Task item: Would you copy the records below, exactly and only from their first line through the line containing "- Part number 7293544", without any pictures?
Material provided section start
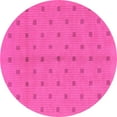 thumbnail image 1 of Ahgly Company Indoor Round Abstract Pink Modern Area Rugs, 5' Round, 1 of 4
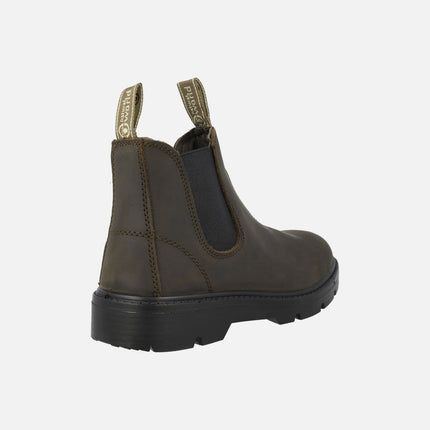 Botas KARA de piel engrasada estilo chelsea para hombre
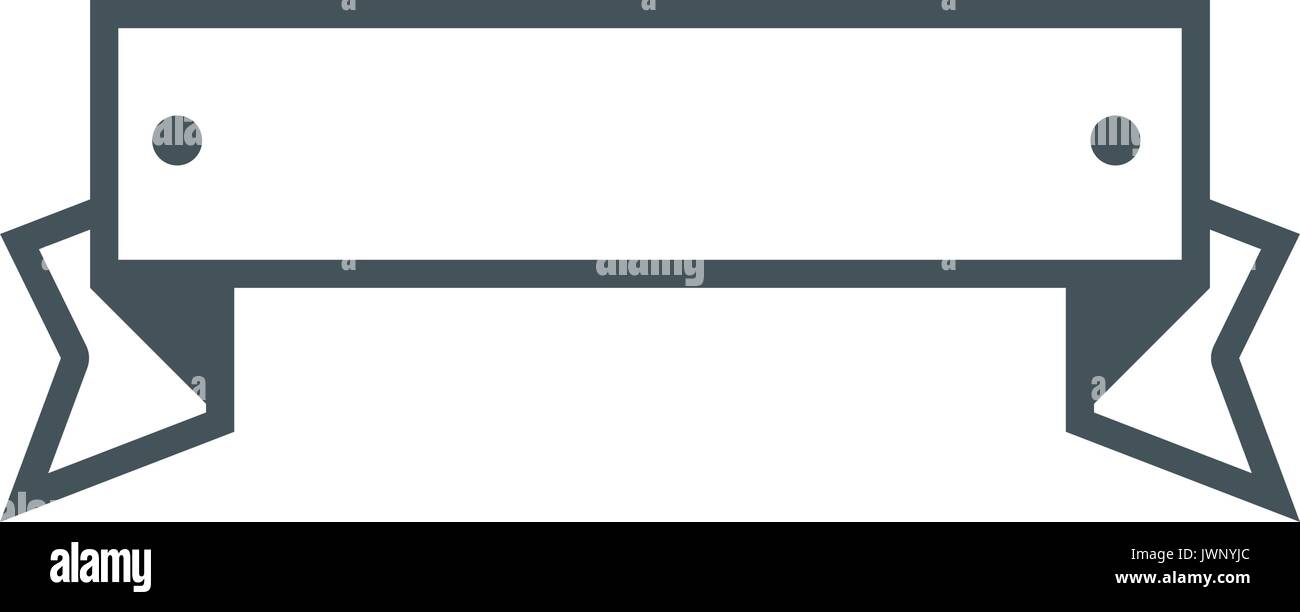 Ribbon banner isolated over white background vector illustration Stock ...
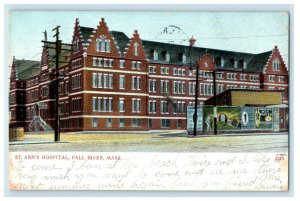 1908 St. Ann's Hospital, Fall River Massachusetts MA Antique Postcard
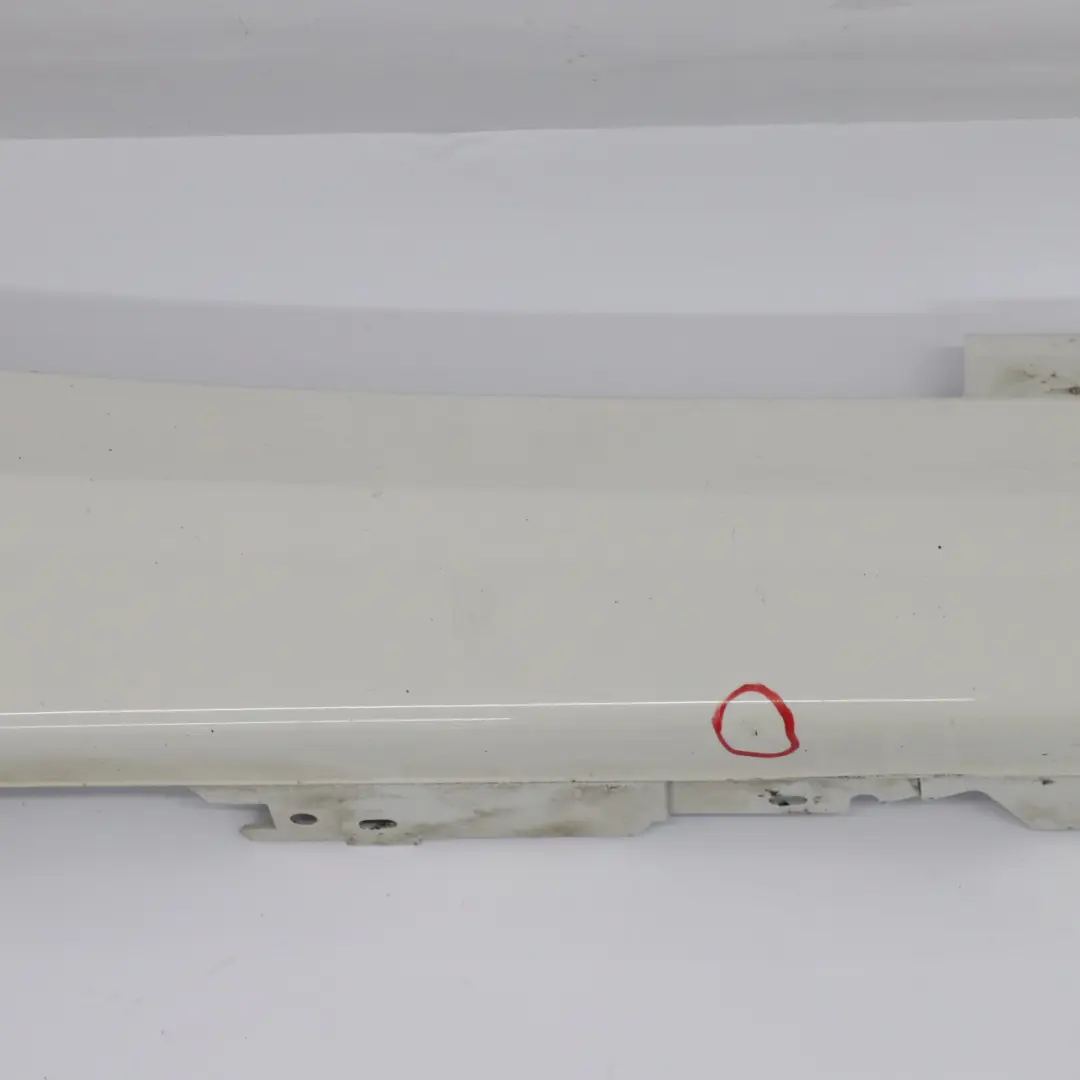 Side Skirt Right O/S Sill Strip Alpinweiss 3 Alpine White - 300 to BMW F21 F22 with Part number 7293544 BMW F21 F22 Side Skirt Right O/S Sill Strip Alpinweiss 3 Alpine White - 300 - SKU 7293544-AW1 - Part number 7293544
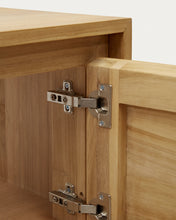 Load image into Gallery viewer, Yenit bathroom furniture in solid teak wood with a natural finish, 120 x 45 cm - image 11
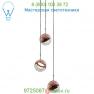 Dora P3 Multi-Light Pendant Light SLD-1010P3-BRS Seed Design, светильник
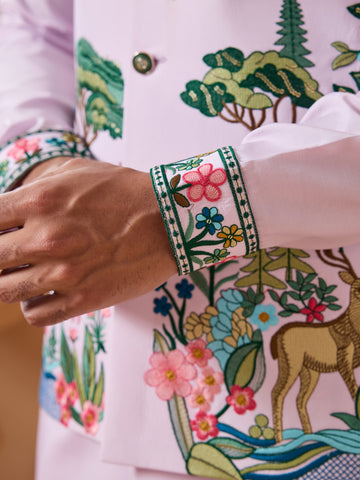 Vantara Design Luxury Lavender Mens Wear Koti Kurta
Material provided section end
Expected answer:
 thumbnail image 1 of Ahgly Company Indoor Round Abstract Pink Modern Area Rugs, 5' Round, 1 of 4
 Botas KARA de piel engrasada estilo chelsea para hombre
 Ribbon banner isolated over white background vector illustration Stock ...
 1908 St. Ann's Hospital, Fall River Massachusetts MA Antique Postcard
 Side Skirt Right O/S Sill Strip Alpinweiss 3 Alpine White - 300 to BMW F21 F22 with Part number 7293544 BMW F21 F22 Side Skirt Right O/S Sill Strip Alpinweiss 3 Alpine White - 300 - SKU 7293544-AW1 - Part number 7293544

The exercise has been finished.